Unit 61398 ini pernah menjadi perhatian internasional setelah Amerika Serikat menuduh mereka terlibat dalam serangkaian serangan siber terhadap perusahaan-perusahaan Amerika. Meskipun tuduhan ini dibantah oleh China, keberadaan unit militer yang didedikasikan untuk operasi siber menunjukkan betapa seriusnya China dalam menghadapi ancaman cyber dari luar negeri.

Statistik Serangan Siber terhadap China

Meskipun China memiliki pertahanan siber yang kuat, negara ini tetap menjadi target utama serangan siber dari berbagai kelompok internasional. Menurut National Computer Network Emergency Response Technical Team (CNCERT), pada tahun 2022, China mengalami lebih dari 10.000 serangan siber yang signifikan, di mana lebih dari 70% berasal dari luar negeri.

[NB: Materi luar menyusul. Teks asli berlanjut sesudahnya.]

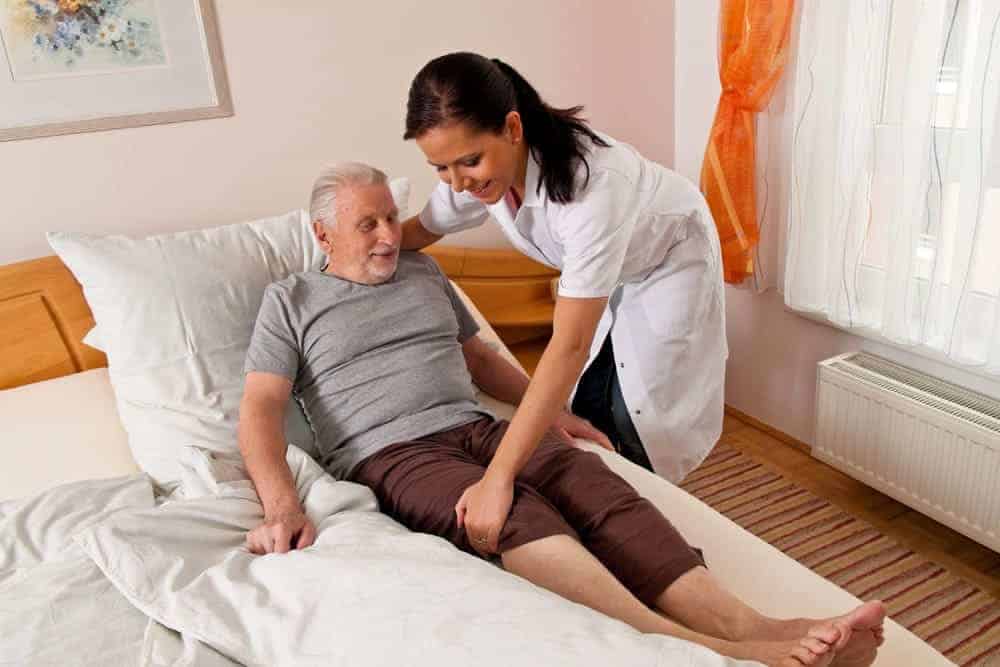 Aide-soignante accompagnant une personne âgée dans une maison de retraite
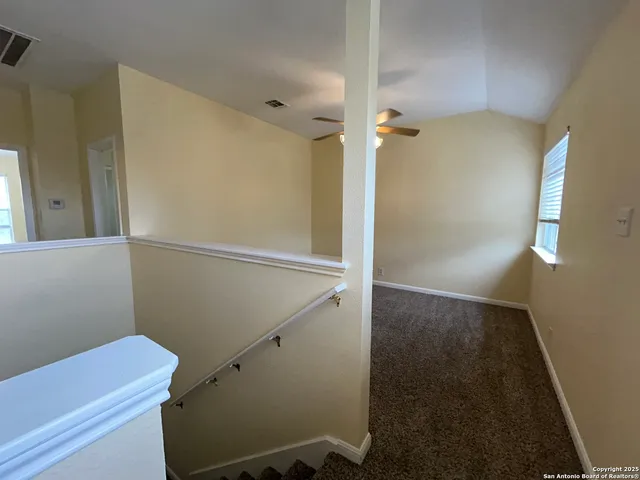 a bathroom with a shower and a toilet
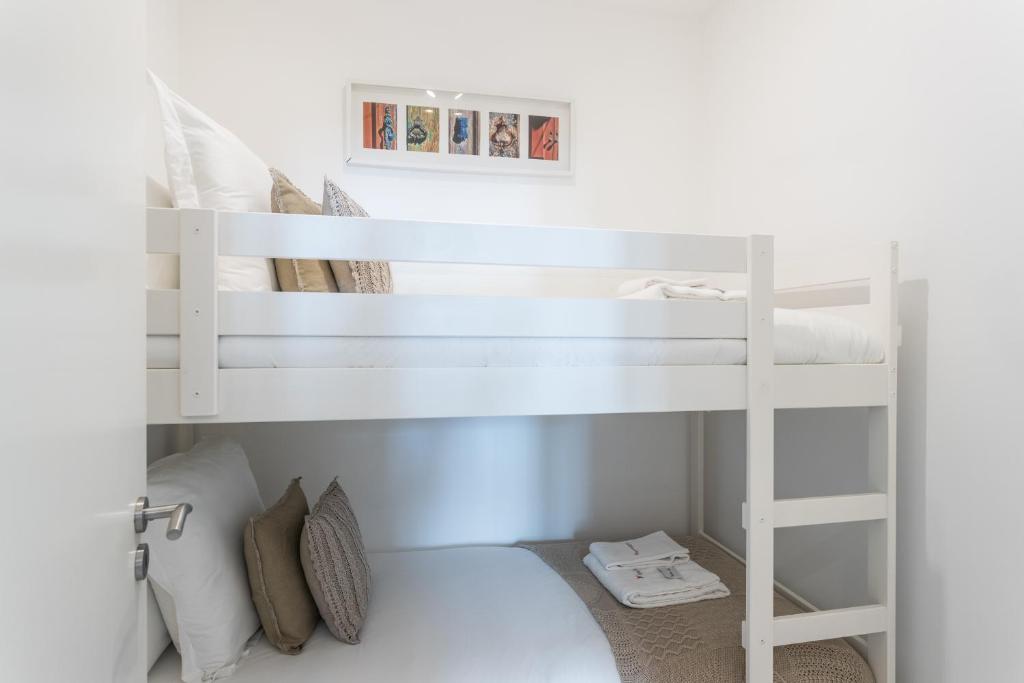 Postel nebo postele na pokoji v ubytování FLH Graça Cozy Flat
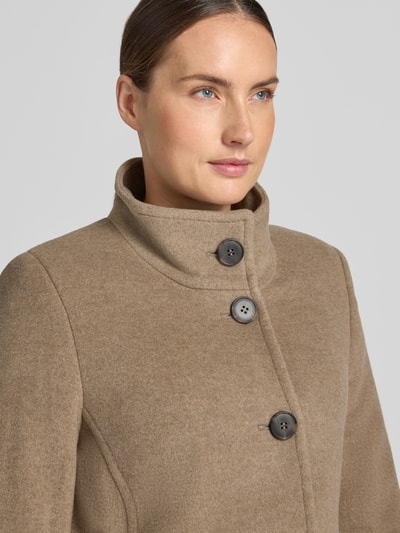 Frauenmodel trägt Jacke mit Stehkragen und Eingrifftaschen von FUCHS SCHMITT, Mieszanka materiałów z dodatkiem wełny, linia a, listwa guzikowa, wpuszczane kieszenie, długość tyłu w rozmiarze 36: 73 cm, szerokość ramion w rozmiarze 36: 37 cm, szerokość w rozmiarze 36: 48 cm, długość rękawów w rozmiarze 36: 64 cm, jasnobrązowy odcień, tekstura miękka, zbliżenie na górną część przodu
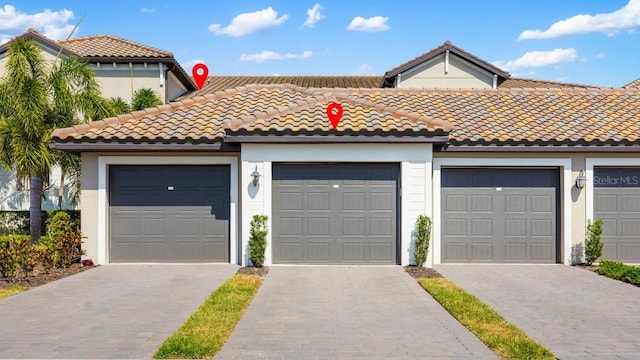 mediterranean / spanish home with a tiled roof, community garages, and stucco siding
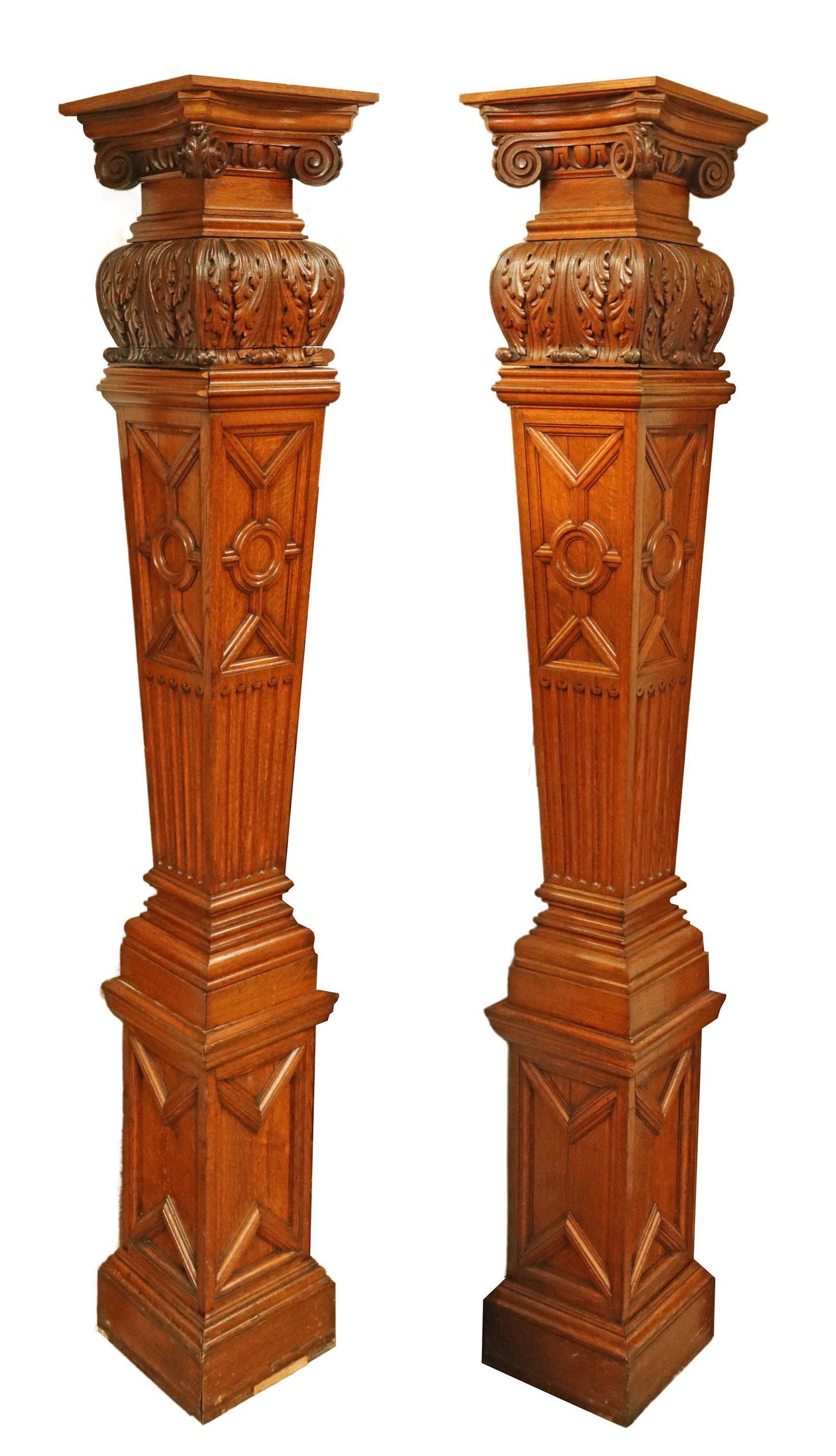 (2) CONTINENTAL OAK ARCHITECTURAL COLUMNS, 96"H: (pair) Continental oak architectural elements/ columns, 19th/ 20th c., half-form for corner mount, unfinished to the back, having scrolled volutes, over carved acanthus, rising on tapered and paneled 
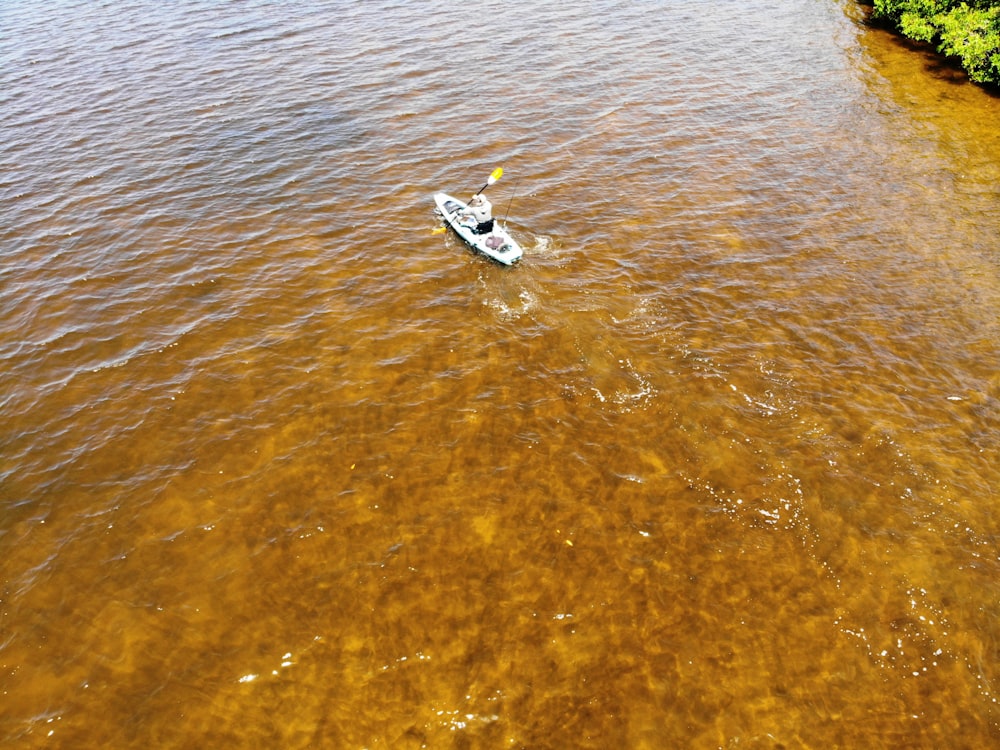 person kayaking on body of water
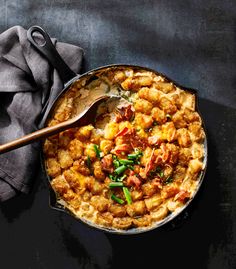 a skillet filled with food sitting on top of a table next to a napkin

Lebih lanjut, data dari Kaspersky Lab menunjukkan bahwa China adalah salah satu dari lima negara paling sering menjadi sasaran serangan ransomware global, dengan lebih dari 5 juta upaya serangan terdeteksi hanya dalam satu kuartal pada tahun 2022. Hal ini menunjukkan bahwa meskipun China memiliki pertahanan yang tangguh, ancaman siber tetap merupakan tantangan yang terus berkembang.

China telah menunjukkan kemampuan luar biasa dalam melindungi infrastruktur digitalnya dari serangan siber internasional. Dari kebijakan pengendalian internet yang ketat hingga pengembangan teknologi canggih seperti enkripsi kuantum dan kecerdasan buatan, negara ini berada di garis depan dalam perlindungan siber. Namun, seiring dengan meningkatnya jumlah serangan siber global, China terus memperkuat strategi dan kemitraan internasional untuk melawan ancaman ini.

Pertahanan siber yang kuat adalah elemen kunci dalam menjaga stabilitas dan kedaulatan di era digital ini. Dengan langkah-langkah yang telah diambil, China membuktikan bahwa keamanan siber bukan lagi pilihan, melainkan keharusan.